CVE-2025-10221 is a vulnerability classified under CWE-532, which pertains to the insertion of sensitive information into log files. The affected product is the ARP Agent component of AxxonSoft's Axxon One / AxxonNet / C-WerkNet version 2.0.4 and earlier running on Windows platforms. The vulnerability arises because the software logs serialized JSON data containing plaintext passwords into TRACE-level log files. These log files are accessible to local users with limited privileges, allowing them to read sensitive credentials without needing elevated permissions or user interaction.

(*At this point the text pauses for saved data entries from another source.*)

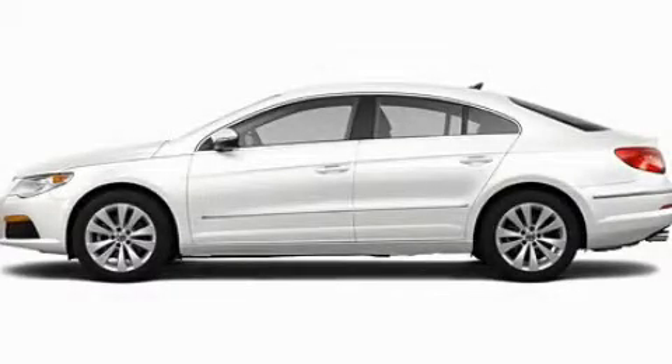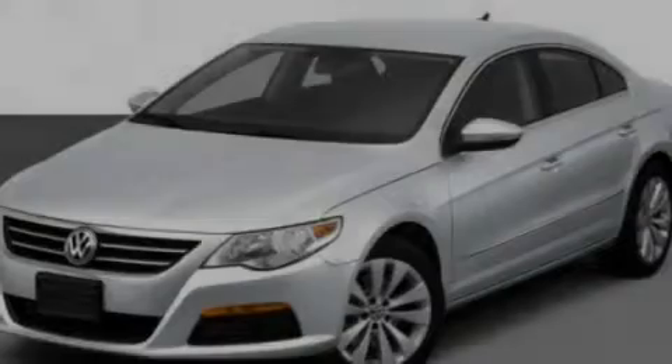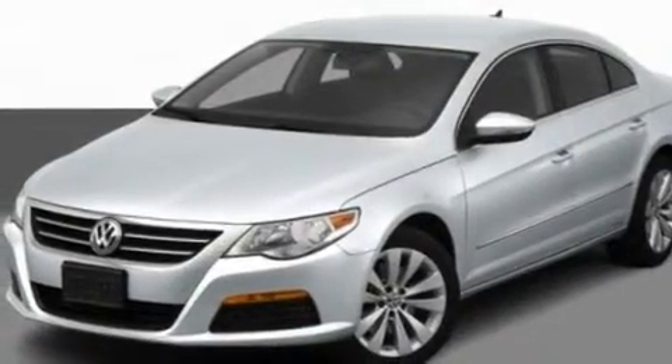This is a 2012 Volkswagen CC. It has a 2.0-liter four-cylinder engine and a manual transmission.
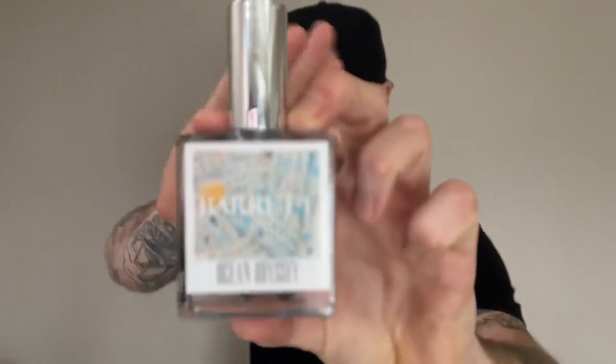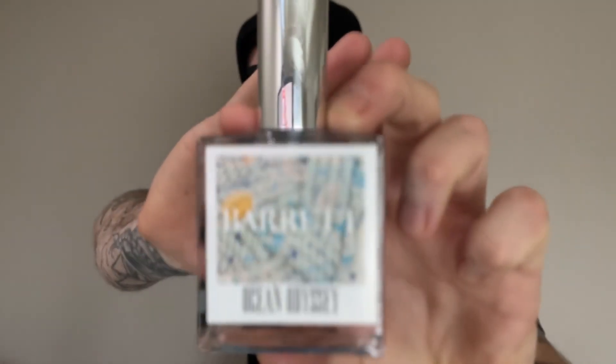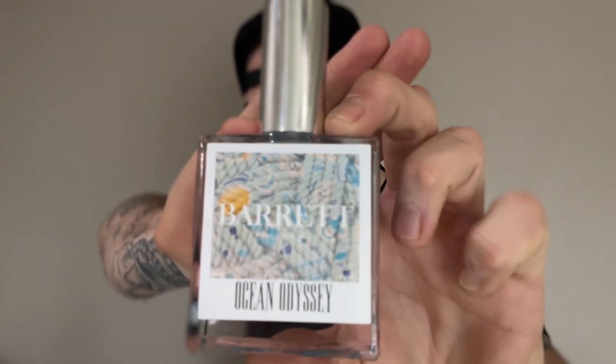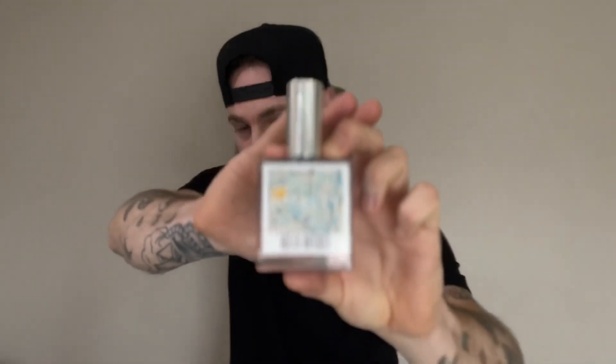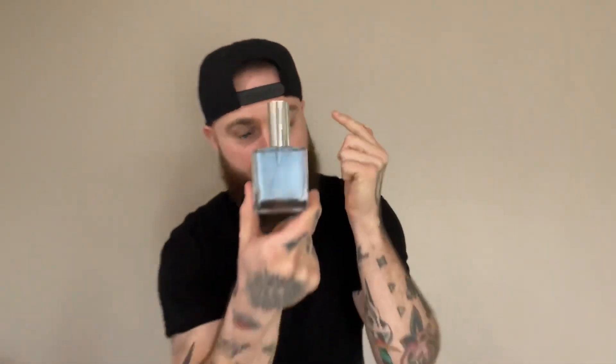Ocean Odyssey from the house of Barrett Fragrance. We have got an incredible rendition of Nautica Voyage. The juice is blue — you're going to be reminisced of what that looks like. The front of this is a whole bunch of beautiful rope as if you're on a voyage.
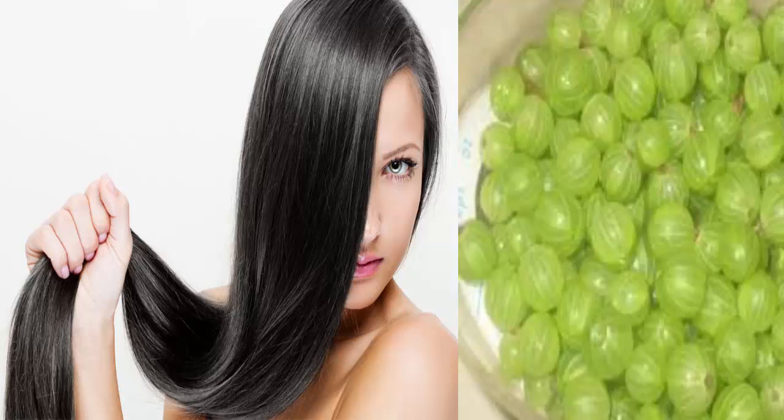This recipe needs mainly only two ingredients: coconut oil and dry gooseberries. Coconut oil nourishes your hair and scalp and promotes hair growth. Gooseberries can cure dandruff and make your hair strong, thick, and glossy.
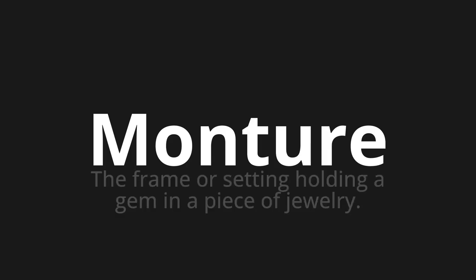Welcome to how to pronounce. In today's video, we'll be focusing on a new word that you might find challenging or intriguing. So let's dive into today's word, which means the frame or setting holding a gem in a piece of jewelry. Let's say it all together. One more time.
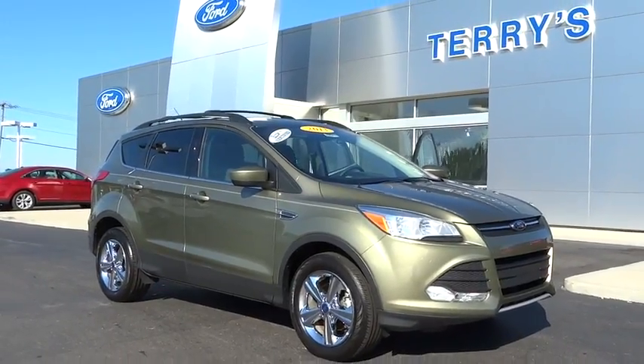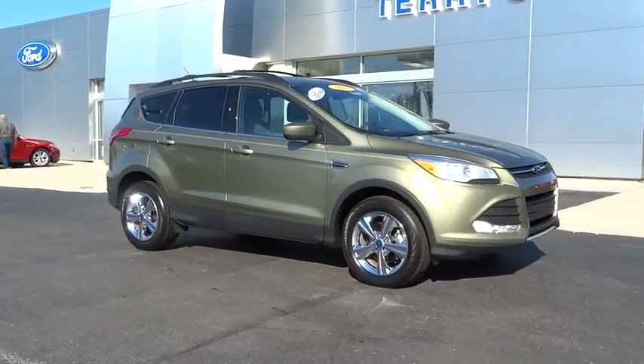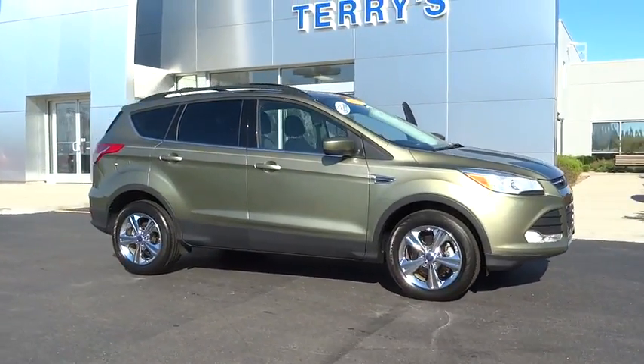The 2013 Escape — gas engines flex, tow, sip, and go with Ford Escape. This vehicle has less than 30,000 miles.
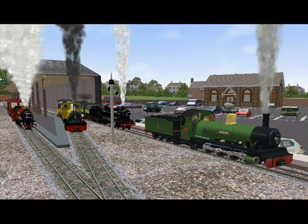The Ravenglas and Eskdale Railway is a 15 inches (381 millimeters) narrow gauge heritage railway in Cumbria, England. The 7 miles (11.3 kilometers) line runs from Ravenglas to Dalegarth Station near Boot in the Valley of Eskdale, in the Lake District. At Ravenglas, the line ends at Ravenglas Railway Station on the Cumbrian coastline.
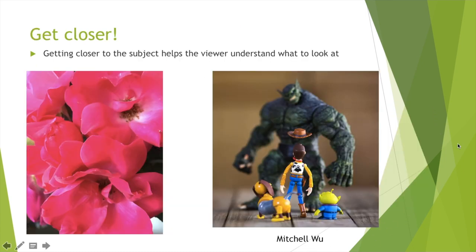My last tip is to get closer. When you get closer it helps us understand what we're supposed to be looking at. I took one final picture of my flowers and got a lot closer, so we can tell these are definitely flowers and I wasn't trying to photograph a cabinet or dog toys. I also included a picture by Mitchell Wu — we see Woody and some kind of monster behind him. These toys are probably pretty small so he had to get a lot closer. If he stood far away the toys would be really small and we wouldn't be able to tell what he was trying to focus on.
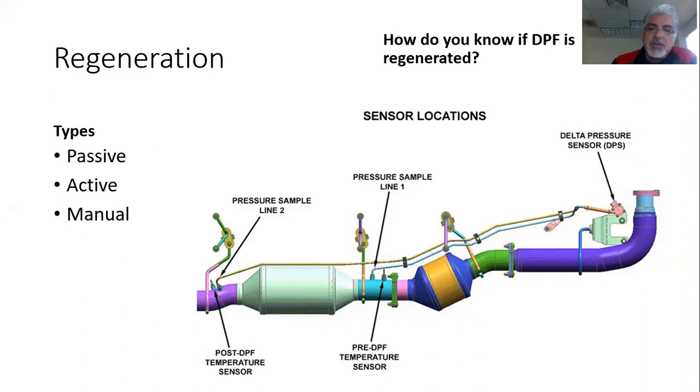Passive regeneration means we're generating enough heat in the exhaust — the engine is so loaded that it's generating enough heat to burn off the soot on its own. Active means we're running post injections, or like Duramax, they have a dedicated injector that actually squirts fuel into the exhaust.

The vulnerability does not affect the integrity or availability of the system but compromises confidentiality by exposing authentication secrets. The CVSS 3.1 base score is 5.5, reflecting a local attack vector (AV:L), low attack complexity (AC:L), requiring low privileges (PR:L), no user interaction (UI:N), unchanged scope (S:U), high confidentiality impact (C:H), and no impact on integrity or availability (I:N/A:N). No patches or known exploits have been reported at the time of publication. This vulnerability highlights the risk of improper logging practices that can inadvertently expose sensitive information to unauthorized local users.

For European organizations, this vulnerability poses a confidentiality risk by potentially exposing plaintext credentials stored in log files to local attackers. This could lead to unauthorized access if attackers leverage these credentials to escalate privileges or move laterally within networks. Organizations in sectors such as critical infrastructure, government, transportation, and security—where AxxonSoft products are commonly deployed—may face increased risk. The vulnerability does not directly affect system availability or integrity but could facilitate further attacks if credentials are compromised. Since exploitation requires local access with limited privileges, the threat is more significant in environments where endpoint security is weak or where multiple users share systems. Additionally, compliance with European data protection regulations (e.g., GDPR) may be impacted if sensitive credentials are exposed, potentially leading to legal and reputational consequences.

To mitigate this vulnerability, European organizations should implement strict access controls on log files, ensuring that only authorized administrators can read TRACE-level logs. Disable or limit TRACE logging in production environments to reduce exposure of sensitive data. Regularly audit and monitor log file permissions and access patterns to detect unauthorized access attempts. Employ endpoint security solutions that restrict local user capabilities and prevent unauthorized file reads. Consider encrypting sensitive configuration files and credentials to reduce the risk of exposure. Coordinate with AxxonSoft for updates or patches addressing this issue, and apply them promptly once available. Additionally, implement network segmentation and least privilege principles to limit the impact of compromised credentials. Educate local users and administrators about the risks of local privilege escalation and sensitive data exposure in logs.